Incremento de atenciones pero pocas lesiones atribuibles al eclipse
El Hospital Gregorio Marañón, en Madrid, fue uno de los centros que experimentó un aumento notable de la demanda: pasó de la media habitual de unas media docena de atenciones oftalmológicas por noche a casi treinta consultas durante la jornada del eclipse. Sin embargo, según el jefe del Servicio de Oftalmología del centro, José Luis Urcelay, ninguno de esos episodios respondía a una lesión provocada por mirar al Sol.
«Ninguno de estos síntomas se corresponde con las posibles lesiones que puede ocasionar la exposición solar».
La retinopatía solar es la lesión característica atribuible a la observación directa del Sol: una quemadura por radiación que afecta a la mácula, zona de la retina responsable de la visión central y de la precisión visual. Sus manifestaciones suelen incluir pérdida de visión central o distorsión marcada de las imágenes, síntomas que no aparecieron entre la mayoría de las personas atendidas en el Marañón, donde los motivos más frecuentes fueron picores, sensación de arenilla e irritación.

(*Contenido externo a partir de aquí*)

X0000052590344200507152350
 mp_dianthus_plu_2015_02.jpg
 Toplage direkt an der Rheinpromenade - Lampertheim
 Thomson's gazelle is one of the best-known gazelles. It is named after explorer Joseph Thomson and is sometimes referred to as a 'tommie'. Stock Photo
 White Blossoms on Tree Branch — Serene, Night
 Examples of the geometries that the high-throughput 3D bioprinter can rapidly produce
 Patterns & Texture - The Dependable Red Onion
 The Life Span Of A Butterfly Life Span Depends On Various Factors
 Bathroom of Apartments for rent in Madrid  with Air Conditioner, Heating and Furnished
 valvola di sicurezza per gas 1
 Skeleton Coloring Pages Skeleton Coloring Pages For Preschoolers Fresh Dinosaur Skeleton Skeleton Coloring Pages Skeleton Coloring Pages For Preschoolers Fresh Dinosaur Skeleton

Sintomatología, aparición retardada y actuación sanitaria
Los especialistas recuerdan que las alteraciones debidas a la radiación solar pueden tardar en manifestarse: desde horas hasta varios días después de la exposición. Cuando aparecen, estos son los signos que aconsejan acudir a urgencias:
- Pérdida de visión central.
- Visión borrosa o distorsionada de objetos y letras.
- Alteraciones en la percepción de colores.
- Sensibilidad anormal a la luz.
- Aparición de manchas oscuras en el campo visual.
Urcelay señaló que muchos de los pacientes atendidos presentaban síntomas molestos pero no específicos de daño retiniano. Atribuye el incremento de consultas, en parte, a una «sobrepreocupación» tras presenciar el eclipse. No obstante, advirtió que, en caso de que se produzcan signos compatibles con retinopatía solar, es importante acudir a los servicios de urgencias, donde existen protocolos y tratamientos farmacológicos que pueden minimizar el daño.
Respuesta hospitalaria y vigilancia autonómica
Además del Gregorio Marañón, otros centros reforzaron plantillas y dispositivos de atención para atender posibles lesiones oculares derivadas del fenómeno astronómico. Las consejerías de Sanidad de las comunidades autónomas han informado de que, de momento, no constan cuadros graves atribuibles al eclipse, aunque insisten en la importancia de la vigilancia porque algunos daños pueden manifestarse de forma retardada.
La reacción sanitaria incluyó medidas preventivas y la disposición de protocolos específicos en urgencias oftalmológicas para evaluar y tratar a pacientes con síntomas visuales. Estos protocolos contemplan exploraciones y, cuando procede, la administración de fármacos encaminados a limitar la afectación macular.
| Concepto | Actividad habitual | Noche del eclipse |
|---|---|---|
| Consultas oftalmológicas (Gregorio Marañón) | ~6 | ~30 |
La recomendación de los especialistas es mantener la calma pero consultar cuanto antes si se presentan síntomas relevantes. La información temprana y la evaluación especializada son claves para detectar y, en su caso, atenuar los efectos de una posible retinopatía solar.